■ **Task directions**:
Set the records down again. Match every line exactly.
══════════════════════════════
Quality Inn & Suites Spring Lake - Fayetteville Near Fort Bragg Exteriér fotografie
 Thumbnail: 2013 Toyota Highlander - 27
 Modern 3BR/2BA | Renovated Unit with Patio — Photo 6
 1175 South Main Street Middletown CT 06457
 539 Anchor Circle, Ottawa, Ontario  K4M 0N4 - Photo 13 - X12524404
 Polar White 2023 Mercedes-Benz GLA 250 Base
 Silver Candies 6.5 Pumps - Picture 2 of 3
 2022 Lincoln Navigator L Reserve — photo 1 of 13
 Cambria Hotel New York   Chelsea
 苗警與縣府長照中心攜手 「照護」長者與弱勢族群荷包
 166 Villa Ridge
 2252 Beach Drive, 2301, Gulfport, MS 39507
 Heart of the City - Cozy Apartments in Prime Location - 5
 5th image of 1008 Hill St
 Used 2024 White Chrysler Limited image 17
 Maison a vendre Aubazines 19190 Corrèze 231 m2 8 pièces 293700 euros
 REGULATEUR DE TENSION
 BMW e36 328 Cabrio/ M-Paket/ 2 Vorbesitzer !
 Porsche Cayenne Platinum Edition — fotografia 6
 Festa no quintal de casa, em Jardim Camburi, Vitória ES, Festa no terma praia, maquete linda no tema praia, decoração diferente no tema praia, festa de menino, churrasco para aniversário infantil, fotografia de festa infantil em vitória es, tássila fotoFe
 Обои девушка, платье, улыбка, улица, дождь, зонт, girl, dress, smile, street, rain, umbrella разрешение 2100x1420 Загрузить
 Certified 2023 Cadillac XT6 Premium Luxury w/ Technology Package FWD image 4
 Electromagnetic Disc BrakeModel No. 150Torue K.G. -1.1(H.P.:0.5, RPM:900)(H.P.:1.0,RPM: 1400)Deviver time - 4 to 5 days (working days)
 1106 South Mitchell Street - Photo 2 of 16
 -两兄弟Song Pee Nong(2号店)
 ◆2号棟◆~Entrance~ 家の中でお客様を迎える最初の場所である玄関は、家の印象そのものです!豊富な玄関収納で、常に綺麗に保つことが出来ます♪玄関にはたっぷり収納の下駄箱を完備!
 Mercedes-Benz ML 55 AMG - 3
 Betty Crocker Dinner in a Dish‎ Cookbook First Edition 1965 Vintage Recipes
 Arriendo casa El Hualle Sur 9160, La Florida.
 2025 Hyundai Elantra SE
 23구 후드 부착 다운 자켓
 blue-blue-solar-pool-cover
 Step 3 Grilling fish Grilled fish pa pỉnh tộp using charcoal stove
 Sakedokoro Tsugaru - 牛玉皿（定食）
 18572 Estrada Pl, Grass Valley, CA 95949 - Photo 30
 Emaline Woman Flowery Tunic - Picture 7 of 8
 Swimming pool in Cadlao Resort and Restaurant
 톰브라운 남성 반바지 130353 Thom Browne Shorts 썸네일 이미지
══════════════════════════════
■ **Your solution**:
Quality Inn & Suites Spring Lake - Fayetteville Near Fort Bragg Exteriér fotografie
 Thumbnail: 2013 Toyota Highlander - 27
 Modern 3BR/2BA | Renovated Unit with Patio — Photo 6
 1175 South Main Street Middletown CT 06457
 539 Anchor Circle, Ottawa, Ontario  K4M 0N4 - Photo 13 - X12524404
 Polar White 2023 Mercedes-Benz GLA 250 Base
 Silver Candies 6.5 Pumps - Picture 2 of 3
 2022 Lincoln Navigator L Reserve — photo 1 of 13
 Cambria Hotel New York   Chelsea
 苗警與縣府長照中心攜手 「照護」長者與弱勢族群荷包
 166 Villa Ridge
 2252 Beach Drive, 2301, Gulfport, MS 39507
 Heart of the City - Cozy Apartments in Prime Location - 5
 5th image of 1008 Hill St
 Used 2024 White Chrysler Limited image 17
 Maison a vendre Aubazines 19190 Corrèze 231 m2 8 pièces 293700 euros
 REGULATEUR DE TENSION
 BMW e36 328 Cabrio/ M-Paket/ 2 Vorbesitzer !
 Porsche Cayenne Platinum Edition — fotografia 6
 Festa no quintal de casa, em Jardim Camburi, Vitória ES, Festa no terma praia, maquete linda no tema praia, decoração diferente no tema praia, festa de menino, churrasco para aniversário infantil, fotografia de festa infantil em vitória es, tássila fotoFe
 Обои девушка, платье, улыбка, улица, дождь, зонт, girl, dress, smile, street, rain, umbrella разрешение 2100x1420 Загрузить
 Certified 2023 Cadillac XT6 Premium Luxury w/ Technology Package FWD image 4
 Electromagnetic Disc BrakeModel No. 150Torue K.G. -1.1(H.P.:0.5, RPM:900)(H.P.:1.0,RPM: 1400)Deviver time - 4 to 5 days (working days)
 1106 South Mitchell Street - Photo 2 of 16
 -两兄弟Song Pee Nong(2号店)
 ◆2号棟◆~Entrance~ 家の中でお客様を迎える最初の場所である玄関は、家の印象そのものです!豊富な玄関収納で、常に綺麗に保つことが出来ます♪玄関にはたっぷり収納の下駄箱を完備!
 Mercedes-Benz ML 55 AMG - 3
 Betty Crocker Dinner in a Dish‎ Cookbook First Edition 1965 Vintage Recipes
 Arriendo casa El Hualle Sur 9160, La Florida.
 2025 Hyundai Elantra SE
 23구 후드 부착 다운 자켓
 blue-blue-solar-pool-cover
 Step 3 Grilling fish Grilled fish pa pỉnh tộp using charcoal stove
 Sakedokoro Tsugaru - 牛玉皿（定食）
 18572 Estrada Pl, Grass Valley, CA 95949 - Photo 30
 Emaline Woman Flowery Tunic - Picture 7 of 8
 Swimming pool in Cadlao Resort and Restaurant
 톰브라운 남성 반바지 130353 Thom Browne Shorts 썸네일 이미지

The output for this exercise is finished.